**Dataset excerpt:**

※ ※ ※

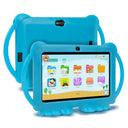 XGODY 7 Inch Android Kids Tablet PC For Study Education IPS Screen 4Core WiFi OTG Children Tablets Cute Protective Case Optional  ourlum.com with Blue case CHINA 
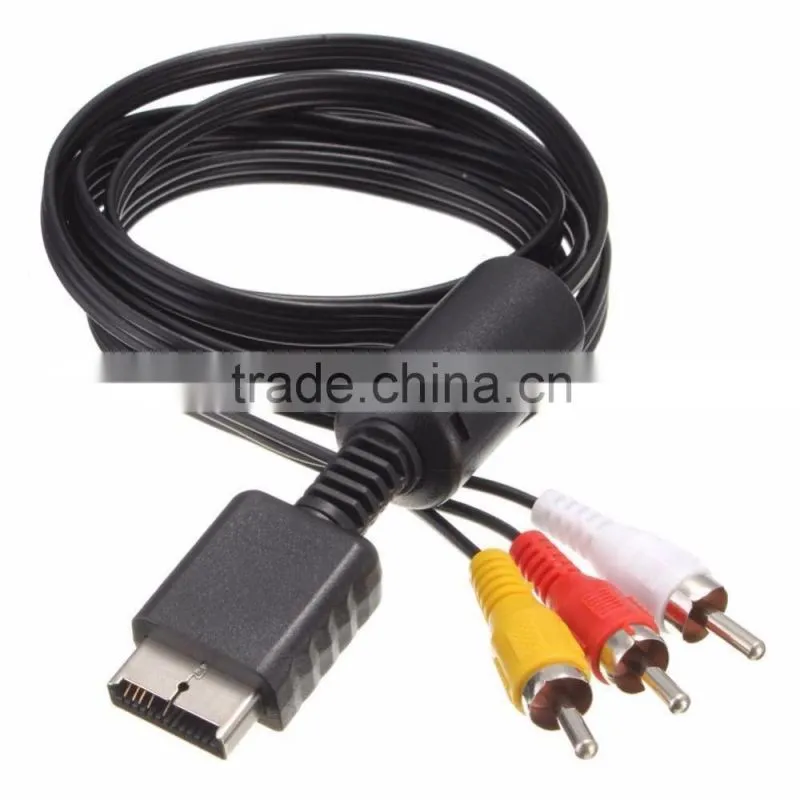 6 Ft Audio Video AV TV Cable Cord to RCA For Play Station for PS/ for PS2/ for PS3 System Audio Video Cable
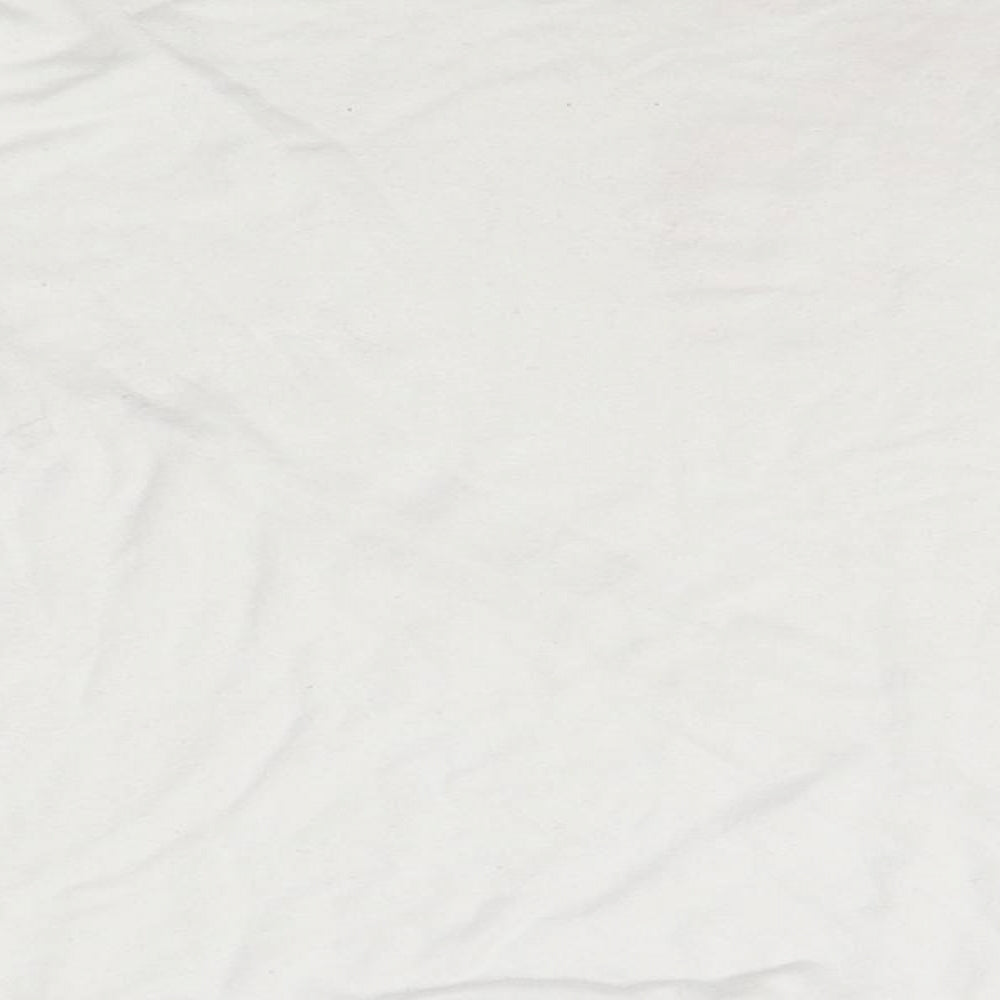 FunMum Womens White Basic T-Shirt Size L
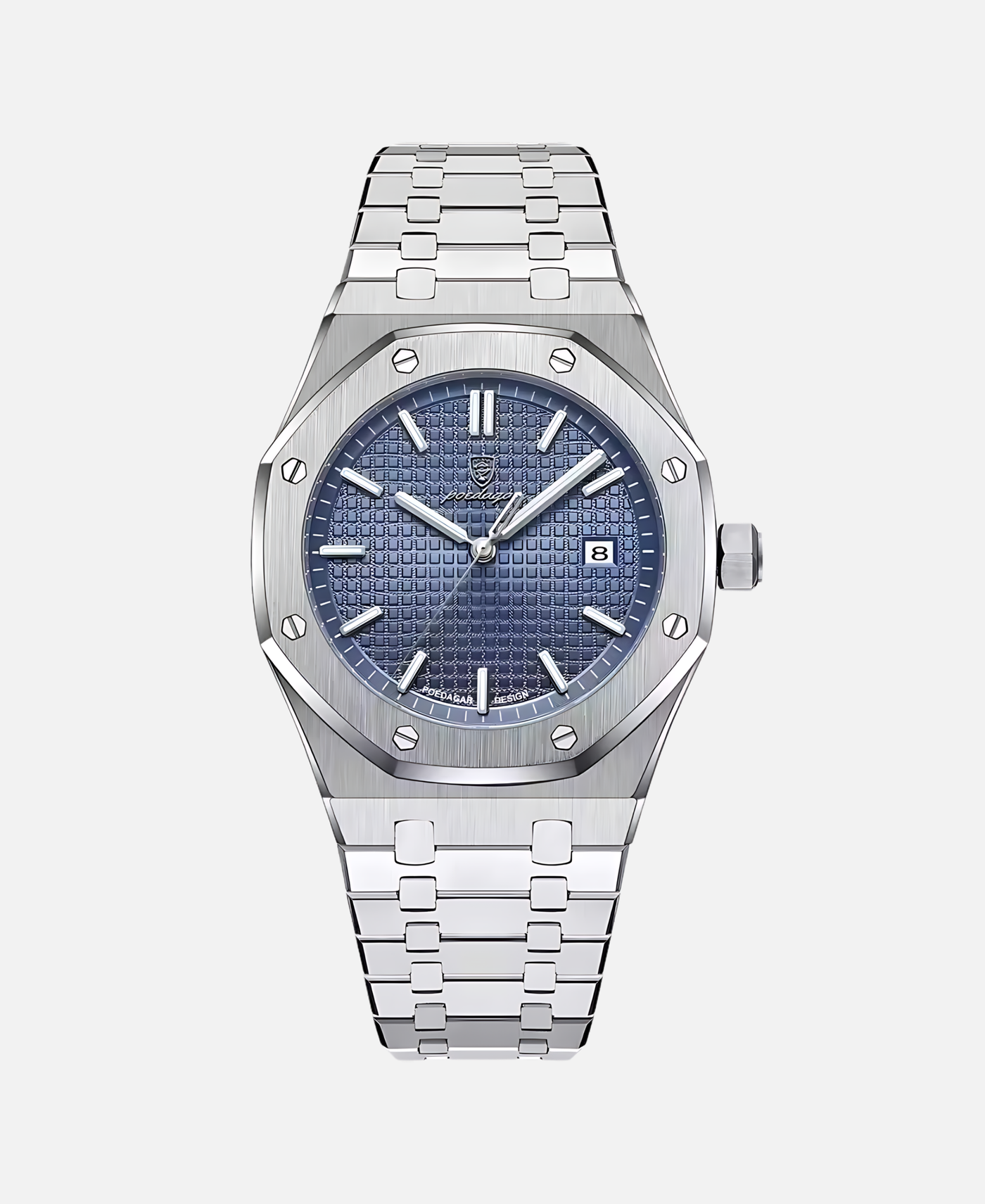 Elegant 41mm men's wristwatch with stainless steel case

※ ※ ※

**Exercise requirements:**
Are you able to set down all the lines above exactly, without any pictures?

**Output for this exercise:**
 XGODY 7 Inch Android Kids Tablet PC For Study Education IPS Screen 4Core WiFi OTG Children Tablets Cute Protective Case Optional  ourlum.com with Blue case CHINA 
 6 Ft Audio Video AV TV Cable Cord to RCA For Play Station for PS/ for PS2/ for PS3 System Audio Video Cable
 FunMum Womens White Basic T-Shirt Size L
 Elegant 41mm men's wristwatch with stainless steel case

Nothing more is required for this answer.